Work to be completed: Locate and copy each line in the data that contains the word "Picture".

Segment Open

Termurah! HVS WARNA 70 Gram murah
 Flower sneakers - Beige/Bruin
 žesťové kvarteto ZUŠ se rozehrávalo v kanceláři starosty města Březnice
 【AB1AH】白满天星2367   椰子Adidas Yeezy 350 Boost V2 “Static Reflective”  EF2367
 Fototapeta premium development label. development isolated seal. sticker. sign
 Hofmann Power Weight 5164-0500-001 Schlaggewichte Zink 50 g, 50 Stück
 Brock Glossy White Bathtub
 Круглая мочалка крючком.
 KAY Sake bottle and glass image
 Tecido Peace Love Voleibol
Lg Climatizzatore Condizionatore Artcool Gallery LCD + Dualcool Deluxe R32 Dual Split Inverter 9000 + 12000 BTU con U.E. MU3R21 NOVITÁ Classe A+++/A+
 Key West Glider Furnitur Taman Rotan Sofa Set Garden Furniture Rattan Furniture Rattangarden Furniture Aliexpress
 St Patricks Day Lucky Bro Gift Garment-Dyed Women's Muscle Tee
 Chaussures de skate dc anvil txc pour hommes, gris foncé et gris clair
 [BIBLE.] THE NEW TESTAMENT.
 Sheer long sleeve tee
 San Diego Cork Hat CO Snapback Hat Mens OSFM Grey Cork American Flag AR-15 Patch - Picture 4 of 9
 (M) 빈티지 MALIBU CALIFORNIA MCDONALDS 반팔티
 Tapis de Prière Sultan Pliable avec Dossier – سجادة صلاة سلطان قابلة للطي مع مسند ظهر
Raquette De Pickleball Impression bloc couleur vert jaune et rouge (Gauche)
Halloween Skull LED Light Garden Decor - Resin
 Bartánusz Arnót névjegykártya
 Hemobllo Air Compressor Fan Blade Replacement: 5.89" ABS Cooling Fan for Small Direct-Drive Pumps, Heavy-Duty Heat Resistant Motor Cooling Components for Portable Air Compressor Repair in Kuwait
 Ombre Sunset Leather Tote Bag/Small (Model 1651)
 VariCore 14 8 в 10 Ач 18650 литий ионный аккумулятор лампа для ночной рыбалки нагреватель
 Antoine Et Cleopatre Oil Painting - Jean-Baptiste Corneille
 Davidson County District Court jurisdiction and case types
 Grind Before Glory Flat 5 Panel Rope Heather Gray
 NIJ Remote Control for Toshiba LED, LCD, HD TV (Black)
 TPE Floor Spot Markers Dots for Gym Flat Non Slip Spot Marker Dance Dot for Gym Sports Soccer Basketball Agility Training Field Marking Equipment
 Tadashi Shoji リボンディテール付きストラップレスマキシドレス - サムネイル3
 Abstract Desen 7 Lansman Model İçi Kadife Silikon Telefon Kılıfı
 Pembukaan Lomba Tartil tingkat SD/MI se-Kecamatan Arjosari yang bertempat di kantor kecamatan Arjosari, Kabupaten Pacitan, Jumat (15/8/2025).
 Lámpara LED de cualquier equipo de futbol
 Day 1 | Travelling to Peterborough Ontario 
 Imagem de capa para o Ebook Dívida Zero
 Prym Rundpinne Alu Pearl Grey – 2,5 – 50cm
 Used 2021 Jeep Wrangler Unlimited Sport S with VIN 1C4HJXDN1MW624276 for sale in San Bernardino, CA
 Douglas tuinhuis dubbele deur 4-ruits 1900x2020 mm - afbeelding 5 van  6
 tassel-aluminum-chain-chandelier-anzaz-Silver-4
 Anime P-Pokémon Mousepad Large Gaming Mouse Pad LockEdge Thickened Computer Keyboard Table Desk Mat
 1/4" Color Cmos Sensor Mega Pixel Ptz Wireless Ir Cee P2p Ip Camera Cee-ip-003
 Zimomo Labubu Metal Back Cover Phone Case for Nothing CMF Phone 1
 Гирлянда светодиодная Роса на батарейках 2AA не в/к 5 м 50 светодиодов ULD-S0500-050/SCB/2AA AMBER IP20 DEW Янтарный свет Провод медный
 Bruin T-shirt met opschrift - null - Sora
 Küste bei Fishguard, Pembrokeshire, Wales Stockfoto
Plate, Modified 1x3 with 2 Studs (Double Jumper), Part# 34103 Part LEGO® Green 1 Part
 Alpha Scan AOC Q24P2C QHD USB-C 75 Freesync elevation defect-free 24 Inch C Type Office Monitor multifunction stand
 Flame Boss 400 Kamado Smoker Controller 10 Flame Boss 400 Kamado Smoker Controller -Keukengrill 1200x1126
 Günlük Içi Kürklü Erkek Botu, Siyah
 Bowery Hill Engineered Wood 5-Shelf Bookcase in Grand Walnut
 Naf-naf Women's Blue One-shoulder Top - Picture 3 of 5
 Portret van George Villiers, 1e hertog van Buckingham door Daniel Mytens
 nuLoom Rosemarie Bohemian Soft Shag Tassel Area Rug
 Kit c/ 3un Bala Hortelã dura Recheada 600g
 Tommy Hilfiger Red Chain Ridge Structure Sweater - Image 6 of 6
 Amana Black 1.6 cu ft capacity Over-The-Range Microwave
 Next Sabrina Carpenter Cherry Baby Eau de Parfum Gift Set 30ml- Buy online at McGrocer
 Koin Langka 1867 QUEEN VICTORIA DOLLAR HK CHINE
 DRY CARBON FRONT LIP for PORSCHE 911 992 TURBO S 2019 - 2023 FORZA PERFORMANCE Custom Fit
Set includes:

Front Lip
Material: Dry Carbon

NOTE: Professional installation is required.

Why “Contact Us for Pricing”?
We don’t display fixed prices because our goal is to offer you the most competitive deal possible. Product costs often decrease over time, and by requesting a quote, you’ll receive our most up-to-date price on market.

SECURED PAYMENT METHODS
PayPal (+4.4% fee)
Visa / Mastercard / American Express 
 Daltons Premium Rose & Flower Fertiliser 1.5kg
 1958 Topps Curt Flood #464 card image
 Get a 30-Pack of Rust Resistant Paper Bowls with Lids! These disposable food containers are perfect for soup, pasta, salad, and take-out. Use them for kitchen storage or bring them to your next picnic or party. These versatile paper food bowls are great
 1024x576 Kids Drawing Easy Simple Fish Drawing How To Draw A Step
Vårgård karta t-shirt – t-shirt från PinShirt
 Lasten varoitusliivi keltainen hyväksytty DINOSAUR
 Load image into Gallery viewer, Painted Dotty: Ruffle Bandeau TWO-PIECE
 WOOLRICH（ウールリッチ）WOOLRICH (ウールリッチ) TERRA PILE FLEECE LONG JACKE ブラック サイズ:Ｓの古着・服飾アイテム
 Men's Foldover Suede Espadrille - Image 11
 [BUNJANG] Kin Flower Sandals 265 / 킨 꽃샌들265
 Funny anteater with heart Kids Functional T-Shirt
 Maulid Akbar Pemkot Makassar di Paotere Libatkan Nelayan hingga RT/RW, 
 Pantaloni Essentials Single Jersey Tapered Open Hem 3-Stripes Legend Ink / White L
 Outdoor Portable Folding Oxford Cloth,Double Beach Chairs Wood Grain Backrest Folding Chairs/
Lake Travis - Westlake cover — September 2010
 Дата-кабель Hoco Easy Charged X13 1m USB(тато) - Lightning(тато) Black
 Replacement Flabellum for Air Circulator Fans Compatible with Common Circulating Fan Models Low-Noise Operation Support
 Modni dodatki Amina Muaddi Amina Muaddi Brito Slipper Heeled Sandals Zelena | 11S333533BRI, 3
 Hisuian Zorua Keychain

Segment Closed

Exercise output:
 San Diego Cork Hat CO Snapback Hat Mens OSFM Grey Cork American Flag AR-15 Patch - Picture 4 of 9
 Naf-naf Women's Blue One-shoulder Top - Picture 3 of 5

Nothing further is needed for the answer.